*** RECORDS FOR THIS TASK Section Begins ***

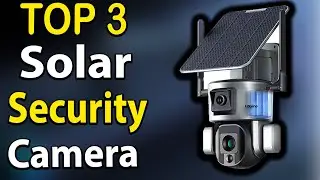 TOP 3 BEST Solar Security Camera Review 2023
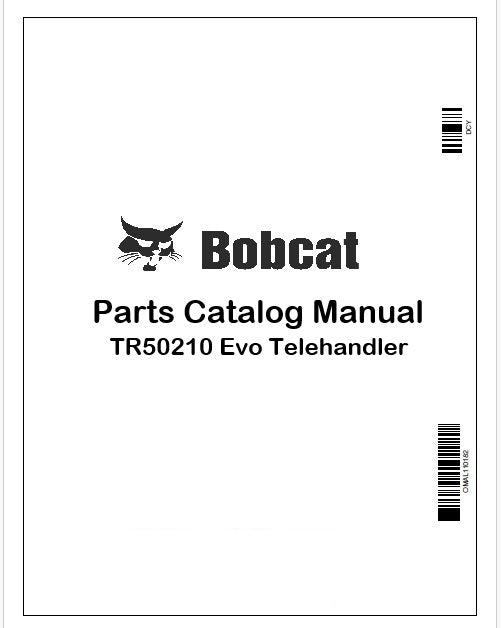 Bobcat TR50210 Evo Telehandler Parts Catalog Manual Instant PDF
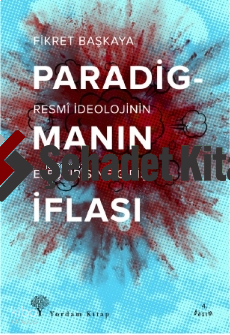 Paradigmanın İflası; Resmî İdeolojinin Eleştirisine Giriş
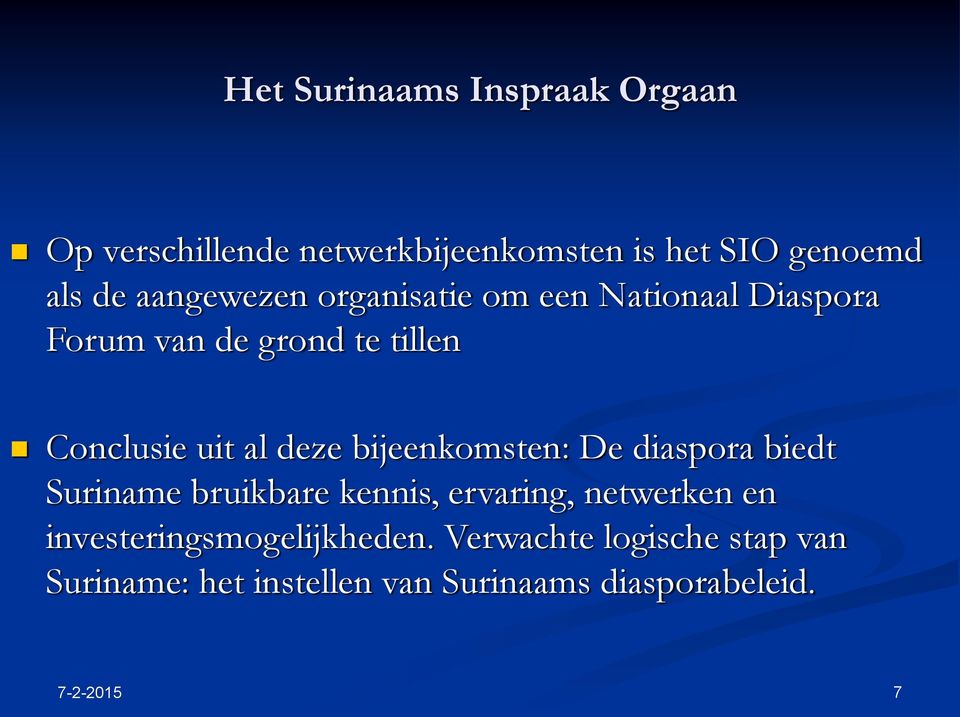 deze bijeenkomsten: De diaspora biedt Suriname bruikbare kennis, ervaring, netwerken en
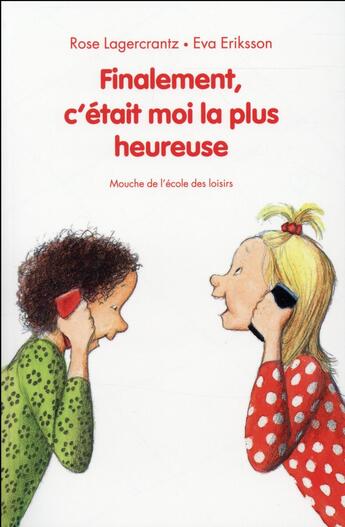 Couverture du livre « Finalement, c'était moi la plus heureuse » de Eva Eriksson et Rose Lagercrantz aux éditions Ecole Des Loisirs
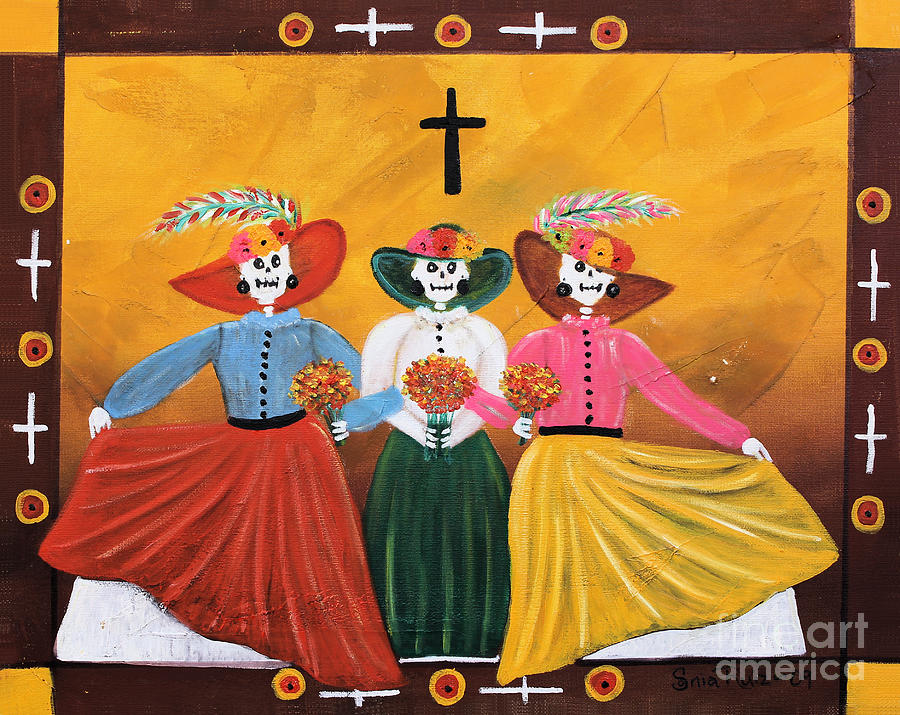 Las Catrinas Painting by Sonia Flores Ruiz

*** RECORDS FOR THIS TASK Section Ends ***

- [DESCRIPTION OF THE TASK] All records above are to be repeated exactly, with the images left out.

- [EXERCISE ANSWER]
 TOP 3 BEST Solar Security Camera Review 2023
 Bobcat TR50210 Evo Telehandler Parts Catalog Manual Instant PDF
 Paradigmanın İflası; Resmî İdeolojinin Eleştirisine Giriş
 deze bijeenkomsten: De diaspora biedt Suriname bruikbare kennis, ervaring, netwerken en
 Couverture du livre « Finalement, c'était moi la plus heureuse » de Eva Eriksson et Rose Lagercrantz aux éditions Ecole Des Loisirs
 Las Catrinas Painting by Sonia Flores Ruiz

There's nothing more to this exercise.